Mściwość plus.
Zastępca redaktora naczelnego Onetu Andrzej Stankiewicz opisał metody działań PiS i Solidarnej Polski wobec mediów. Ze strony PiS chodziło o próbę nacjonalizacji Onetu poprzez odkupienie udziałów w firmie od amerykańskiego funduszu KKR przez firmę państwową.
Tu nakłaniającym Amerykanów miał być ówczesny szef Kancelarii Prezesa Rady Ministrów Michał Dworczyk. Dworczyk już zdążył pogrozić Stankiewiczowi sądem, ale dziennikarz twierdzi, iż jest na to przygotowany.
Nie mniej interesujący jest opis działań koalicjanta PiS, a dokładniej żony Prokuratora Generalnego – Patrycji Koteckiej-Ziobro.
Wicenaczelny Onetu wyjaśnił, iż żona Ziobry sugerowała redaktorom naczelnym mediów, w których kolejno pracował (“Newsweek Polska”, “Wprost”, “Rzeczpospolita”), żeby go zwolnili.
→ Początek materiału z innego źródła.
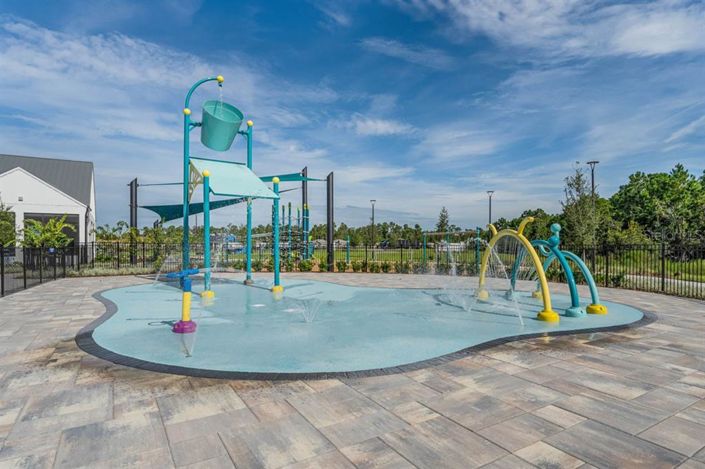 Image No.45-4 Bed Property for sale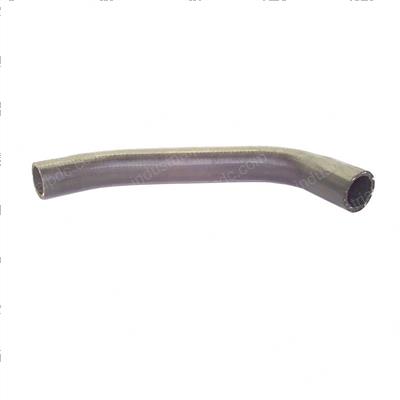 Picture of Hose - Radiator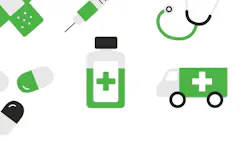 Greene Cats 6142126636dfb Greene Cats 6142126636dfb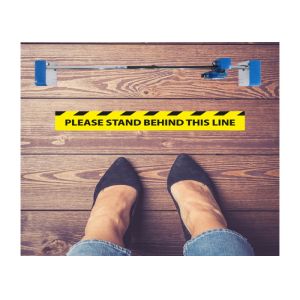 Laser Positioning 2.4 M Multifunction Flatbed Printer Digital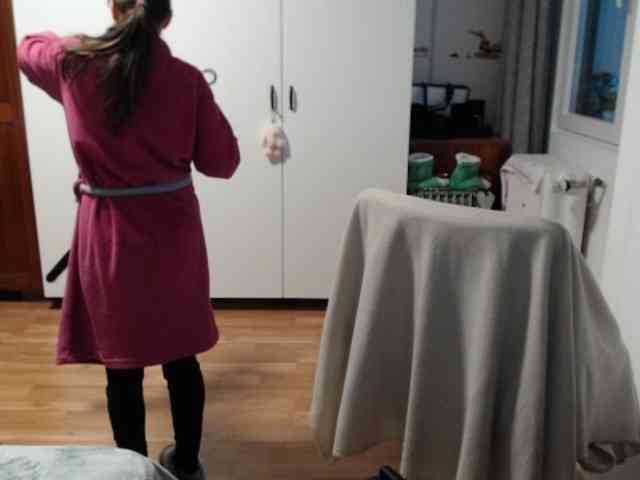 kristineexxx kristineexxx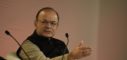 Jaitley Comments About 1962 War,Finance Minister Arun Jaitley,Sikking sector ,Geng Shuang,Doklam 2017, Chinese territory using Bhutan,India and China relationship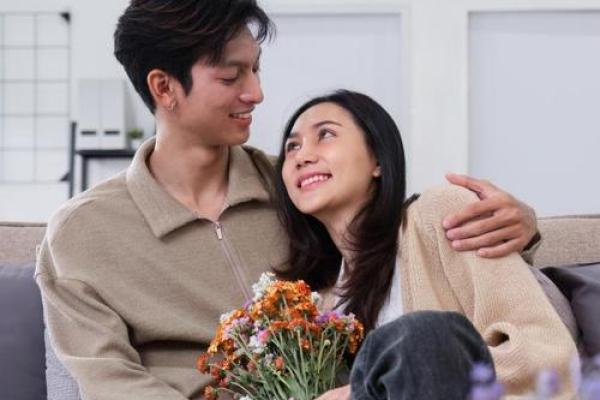 土命与最佳搭配：探索命理中的和谐之道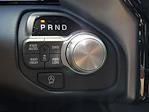 New 2025 Ram 1500 Laramie Crew Cab 4x4 Pickup for sale #R25852 - photo 33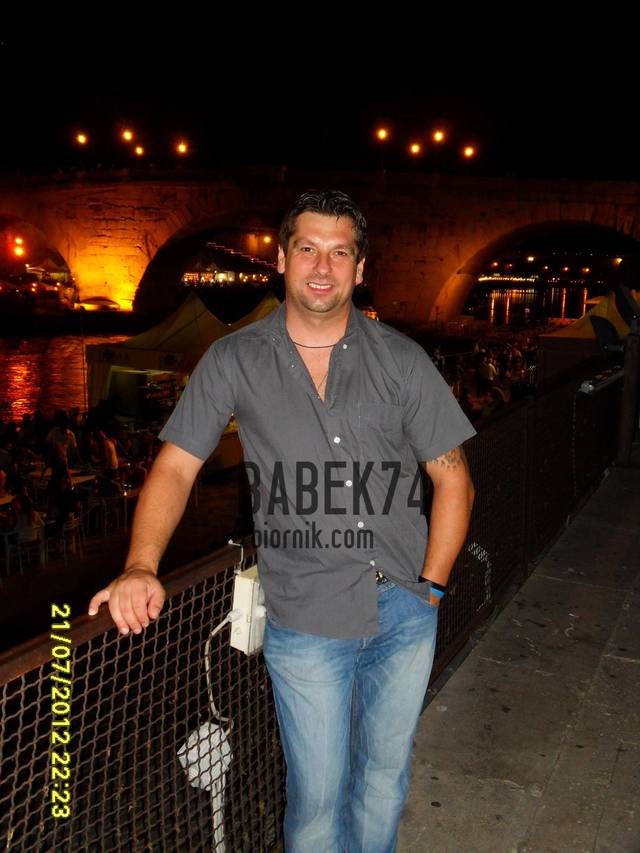 babek74
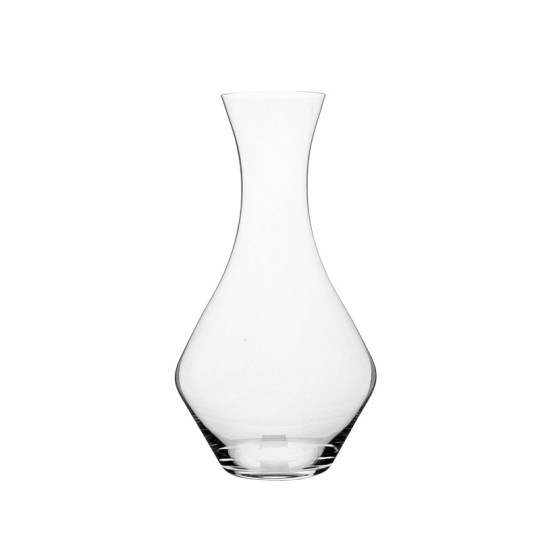 Carafe de décantation...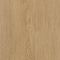 Regency Oak - Brioche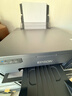爱普生（EPSON）L8058 A4墨仓式彩色喷墨打印机家用 6色照片原装连供打印影楼 支持WiFi无线  实拍图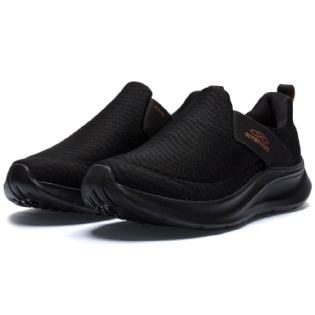 Tenis Olympikus Flutua 952 Feminino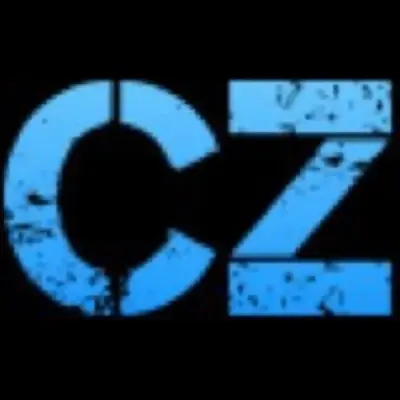 CyberZingFx Signals Free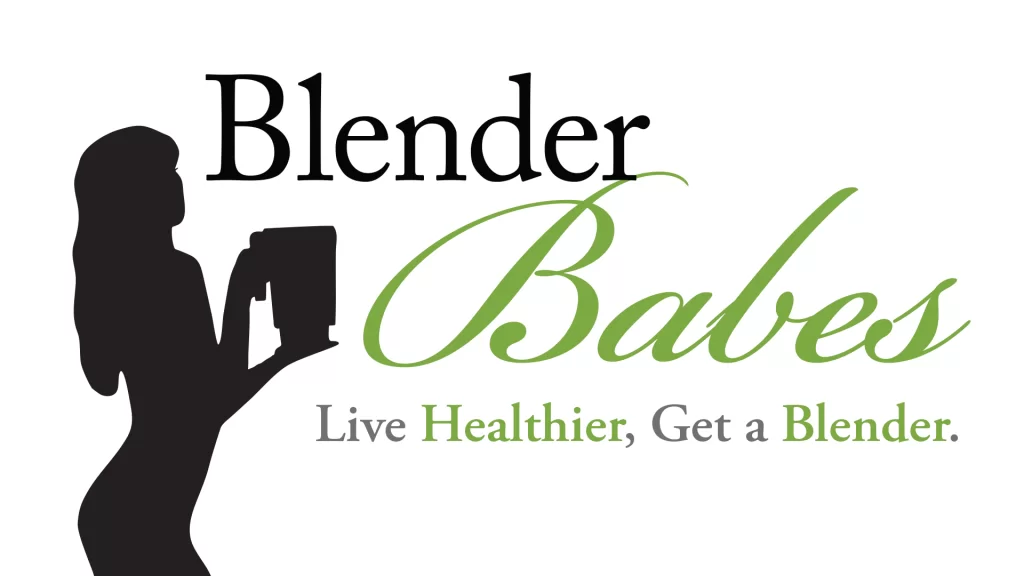 Contact Blender Babes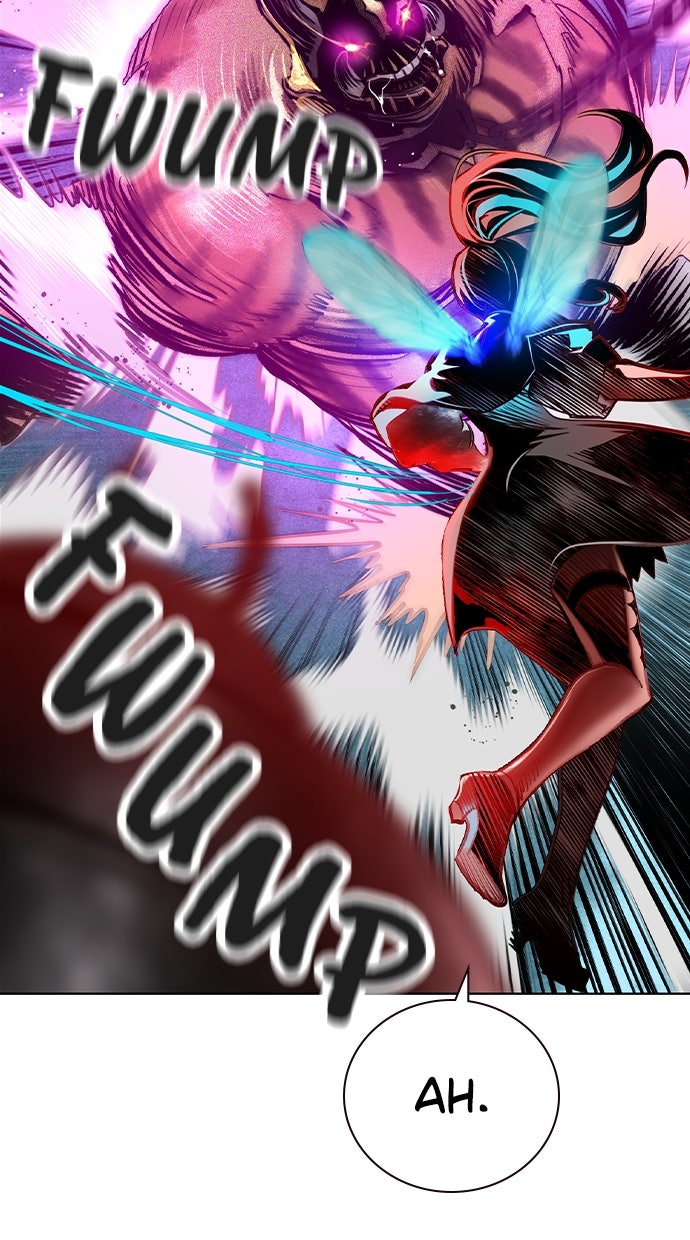 Read Jungle Juice DE Manga Online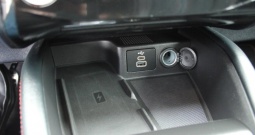 Ford Kuga 2.5 FHEV AUTOMATIK ST-Line X AWD *NAVIGACIJA,LED,KAMERA*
Ponadto dziennikarz ujawnił, iż Kotecka, gdy weszła do zarządu państwowej firmy ubezpieczeniowej Link4, wykorzystywała swoje stanowisko do nacisku na media poprzez dowolne decydowanie, które redakcje dostaną pieniądze z kampanii reklamowych państwowej firmy.
Co więcej, pieniądze z Funduszu Sprawiedliwości, kontrolowanego przez Ministerstwo Sprawiedliwości Zbigniewa Ziobry, stały się elementem nacisku na media.
– Nie chcę tu wyliczać redakcji i dziennikarzy, którzy znaleźli się na celowniku Koteckiej. Większość z nich – w mojej ocenie – zachowała się godnie. Ale, oczywiście, są także redakcje dotowane z Funduszu Sprawiedliwości. Droga wolna – skwitował Stankiewicz.
Co zabawne, wojna wewnątrz PiS o wpływy w mediach jest tak potężna, iż ludzie Morawieckiego mieli oskarżać Stankiewicza o działanie na zlecenie Ziobry, gdy Onet publikował materiały uderzające w Morawieckiego.
Według relacji Stankiewicza ludzi z PiS próbujących korumpować i naciskać na media jest znacznie więcej.